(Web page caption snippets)
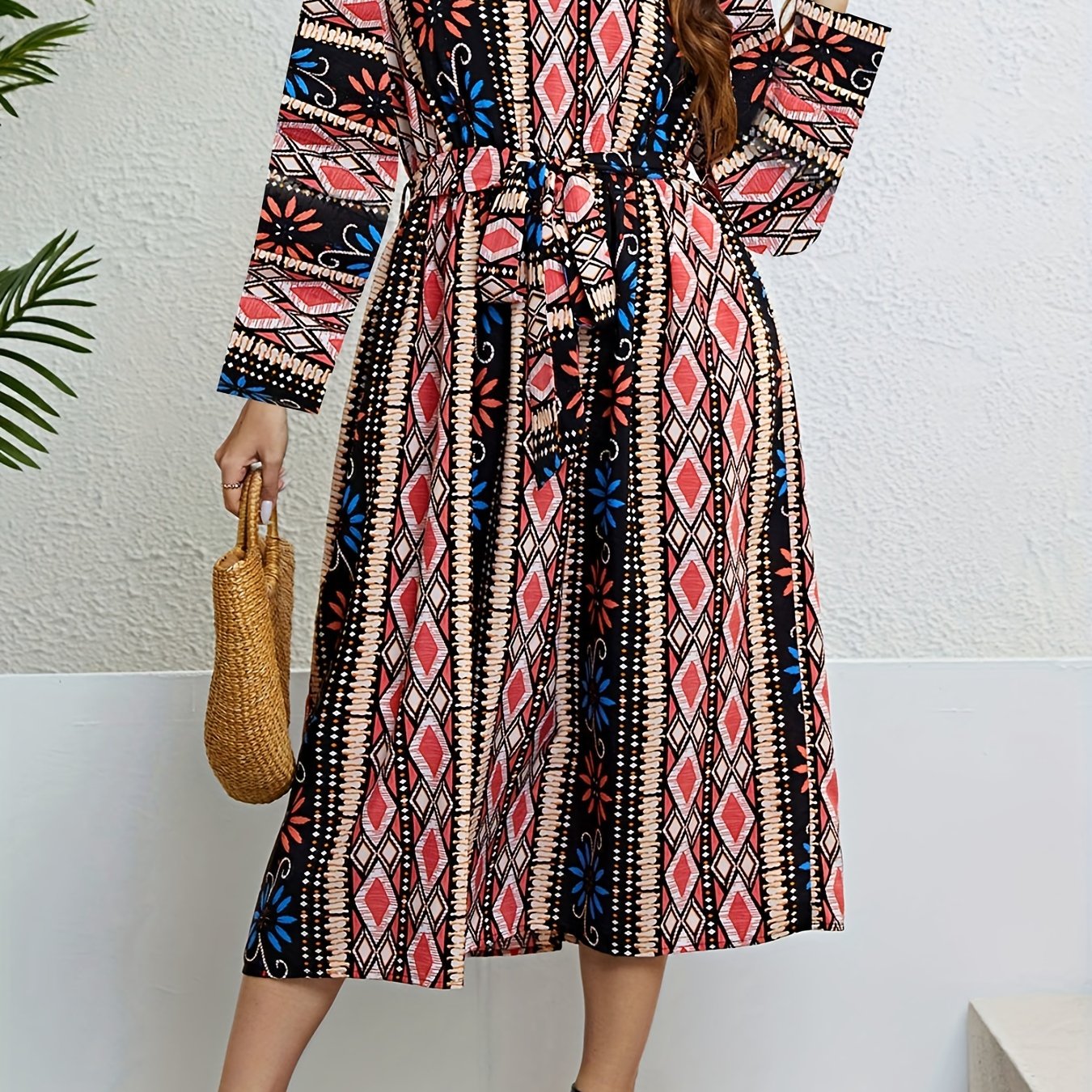 Geometric Print V Neck Dress With Belt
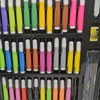 Imagen de Maletín escolar, 150 piezas, contiene marcadores, lápices, crayolas, pasteles, acuarelas, y varios accesorios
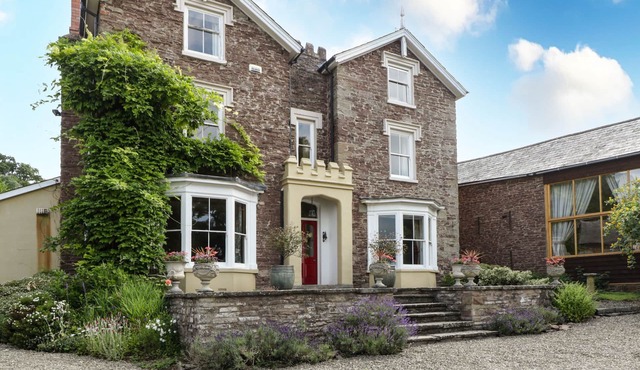 WHEELBARROW CASTLE, pet friendly, with hot tub in Leominster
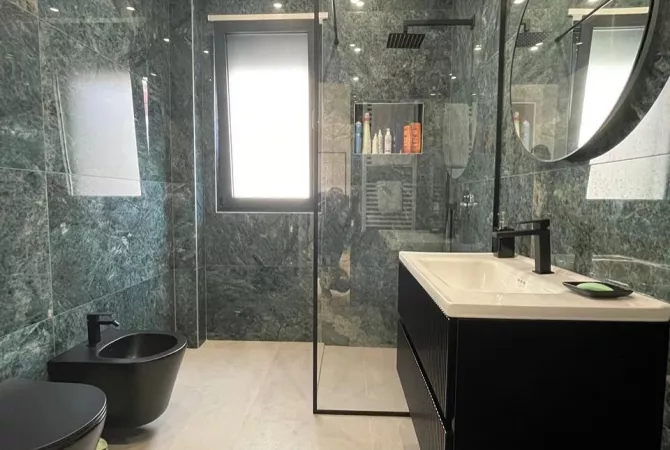 Shtepi ne shitje Apartament ne Tirane, 2+1, Mobilimi E mobiluar, Pagesa 360,000  Euro.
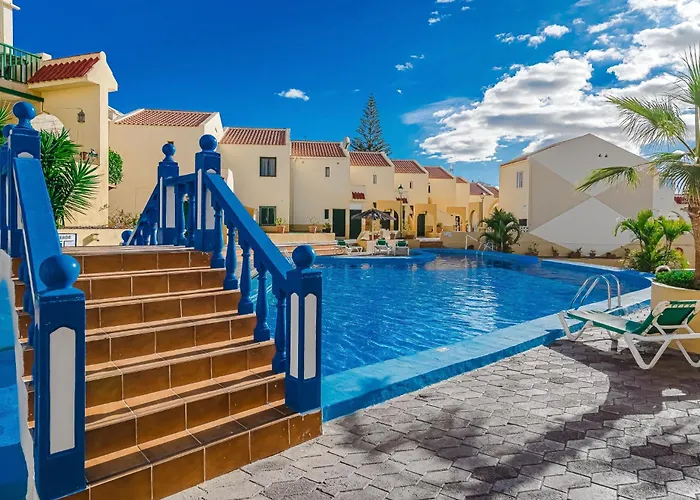 Cozy Spacious Seaview 300m Apartment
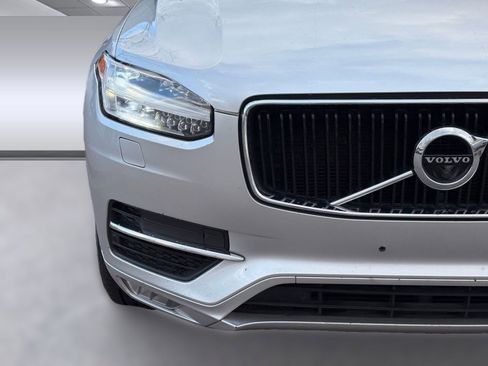 Used 2018 Volvo XC90 T6 Momentum w/ Convenience Package image 11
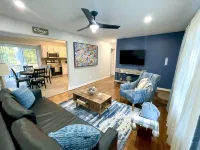 Pleasant Experience in this City Ranch - Downtown Cary - Boutique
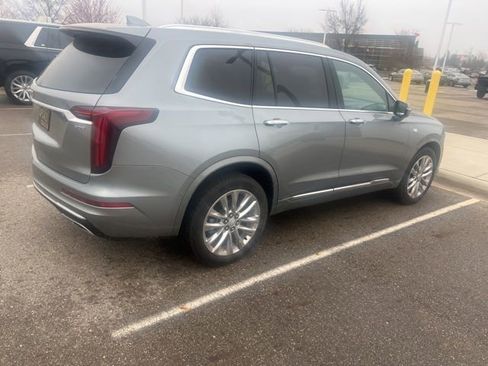 Certified 2023 Cadillac XT6 Premium Luxury w/ Technology Package AWD/4WD image 3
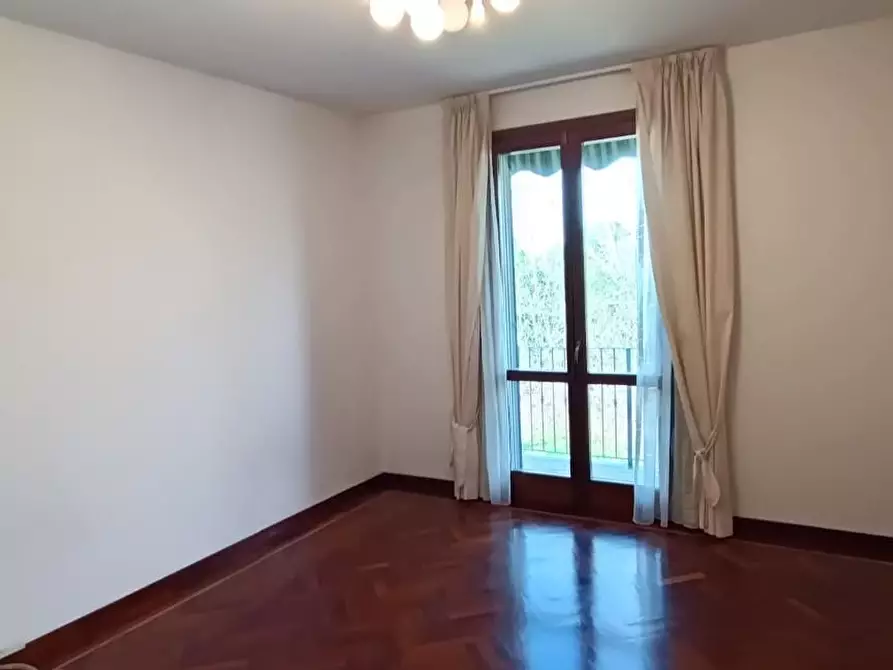 Immagine 13 di Villa in vendita  a San Giuliano Terme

YOUR TASK ->
Copy the final portion of the records: every line from the one containing "Imagen de Maletín" through the last, word for word, without pictures.

SOLVED PROBLEM ->
 Imagen de Maletín escolar, 150 piezas, contiene marcadores, lápices, crayolas, pasteles, acuarelas, y varios accesorios
 WHEELBARROW CASTLE, pet friendly, with hot tub in Leominster
 Shtepi ne shitje Apartament ne Tirane, 2+1, Mobilimi E mobiluar, Pagesa 360,000  Euro.
 Cozy Spacious Seaview 300m Apartment
 Used 2018 Volvo XC90 T6 Momentum w/ Convenience Package image 11
 Pleasant Experience in this City Ranch - Downtown Cary - Boutique
 Certified 2023 Cadillac XT6 Premium Luxury w/ Technology Package AWD/4WD image 3
 Immagine 13 di Villa in vendita  a San Giuliano Terme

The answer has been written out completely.